Starting at the line that contains "mantel-aus-recyceltem-polyester-sage", return every line through the end of the entries below, exactly and with nothing else.

··· The data

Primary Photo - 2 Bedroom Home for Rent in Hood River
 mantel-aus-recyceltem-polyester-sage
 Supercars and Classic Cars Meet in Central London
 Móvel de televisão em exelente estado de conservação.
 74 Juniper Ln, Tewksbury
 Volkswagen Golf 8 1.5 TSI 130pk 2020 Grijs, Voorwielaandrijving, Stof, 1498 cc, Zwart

······

* Exercise output *
 mantel-aus-recyceltem-polyester-sage
 Supercars and Classic Cars Meet in Central London
 Móvel de televisão em exelente estado de conservação.
 74 Juniper Ln, Tewksbury
 Volkswagen Golf 8 1.5 TSI 130pk 2020 Grijs, Voorwielaandrijving, Stof, 1498 cc, Zwart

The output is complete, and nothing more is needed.